国道309号線を使って紀伊半島の奥地に向かって南へと走ります。八経ヶ岳は奈良県天川村の周辺から登るのですが、登山口は大きく三つありました。天川村の町役場にある登山口は一番遠く、厳冬期にここから登りましたが今回はパス。309号線を使って更に奥に行くと川遊びで賑わっているみたらい渓谷があるのですが、そのまま通過してしばらく走ると川迫川の橋があります。この先に熊渡登山口があり、ここからは弥山川を登る上級者向けバリエーションルートがあるのですが、ここもパス。更に奥に向かって走っていくと行者還トンネルの手前に、八経ヶ岳駐車場があります。ここは八経ヶ岳を登るメジャーな登山口で、ルートも一番短い。今回は、ここから登ることにしました。

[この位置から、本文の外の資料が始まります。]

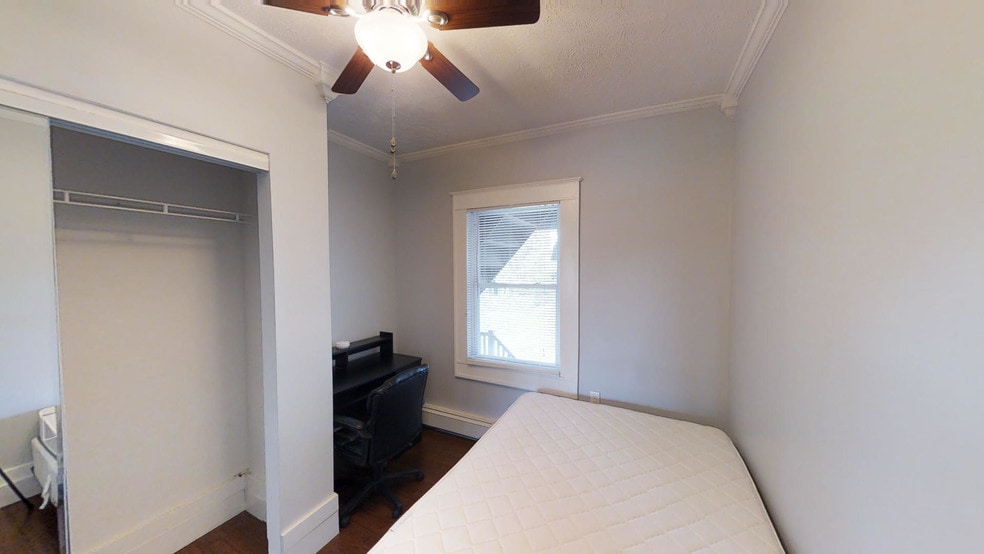 Building Photo - 105 Comstock Ave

今回の登山では出発は夜中の1時を予定していたので、それに見合う場所で野宿する必要があります。八経ヶ岳駐車場はテント泊禁止。みたらい渓谷も河川でのBBQが禁止、テント泊も禁止。基本的にテントでの野宿が出来ない地域になっています。自然の景観を守るという意味合いもありますが、たぶん熊被害を出さないという意味も含まれているのでしょう。そんな中での野宿になります。場所の選定に苦労しましたが、今回は通行不可の道路のさらに奥、アスファルトの上にテントを張り野宿しました。河川ではありませんし、ギリギリOKでしょう。というか、通行不可の時点で入ったらいけないのですが、スーパーカブなのでスルスルと入っていきました。ゴメンナサイ。
風はありませんでした。アスファルトということもありペグが打てないので、これは本当に助かりました。

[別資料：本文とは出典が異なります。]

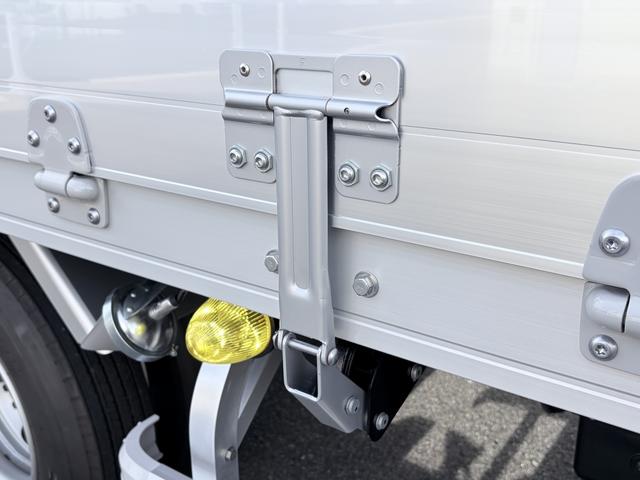 フォワード 　アルミウイング　２．９トン積載　日本フルハーフ製　アルミコルゲート　あおり開閉補助装置　ラッシング２段　ワイド　ベッド付　６．２ｍボディ　２１０馬力（27枚目）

野宿派の僕は、色々なところにテントを張ります。ペグが打てない場所なんていつものこと。なので、僕が利用するテントは、自立出来るドーム型がマストアイテムになります。熊除けに、ブルートゥーススピーカーでガンガンに音楽を流して、焼き鳥を喰い酒を飲みました。夕方の6時ごろには寝袋に潜ります。朝が早いですから。
目が覚めました。時刻は1時22分。寝過ごしてしまいました。手早くパッキングして出発しようかと思いましたが、やっぱりラーメンは食べることにしました。食欲は無かったのですが、食べておかないと途中で必ずエネルギー不足を起こすと思ったからです。結局、2時過ぎに出発しました。登山口まではスーパーカブで10分ほどの場所になります。八経ヶ岳駐車場に到着すると、先ずはトイレに行きました。使用料100円。綺麗なトイレでした。臭いもありません。登山におけるトイレの存在は非常に有難い。100円の価値はあります。さあ、いよいよナイトハイクの始まりです。

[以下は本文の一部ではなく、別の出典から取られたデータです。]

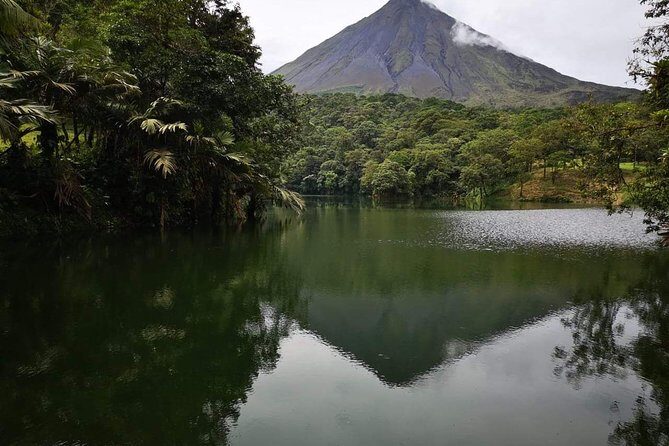 Entrance fee to Arenal Volcano Ecological Park - Who Should Consider This Tour?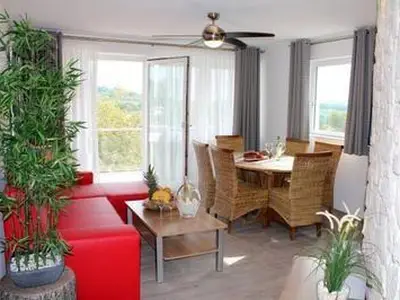 Ferienwohnung Maaridyll im Maarberg Resort, Wohnraum und Ausgang zum Balkon Ferienwohnung Maaridyll im Maarberg Resort, Wohnraum und Ausgang zum Balkon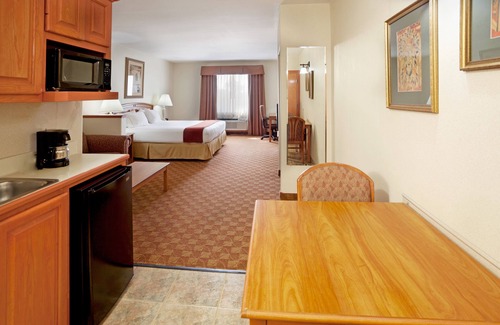 Brownsville Hotel | Holiday Inn Express Hotel & Suites Brownsville by IHG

ナイトハイクにおいて、無くてはならないアイテムがヘッドライトになります。ただ、ヘッドライトは全体を照らすことは出来ません。どんなに光量が強くても、足元しか照らせません。山道において足元を踏み外すと落ちてしまうので、注意深く辺りを確認する必要がありました。ただ使ってみて分かったことですが、ヘッドライトの存在は集虫灯の役割も兼ねていました。虫がわんさかと集まる集まる。慌てて、虫よけスプレーを取り出して、再度重ね掛けをしました。スプレーの効果のお陰か、嫌っていうほど虫にたかられましたが、刺されることはありません。これはこれで感心しましたが、ずっと虫のお供を連れての登山になりました。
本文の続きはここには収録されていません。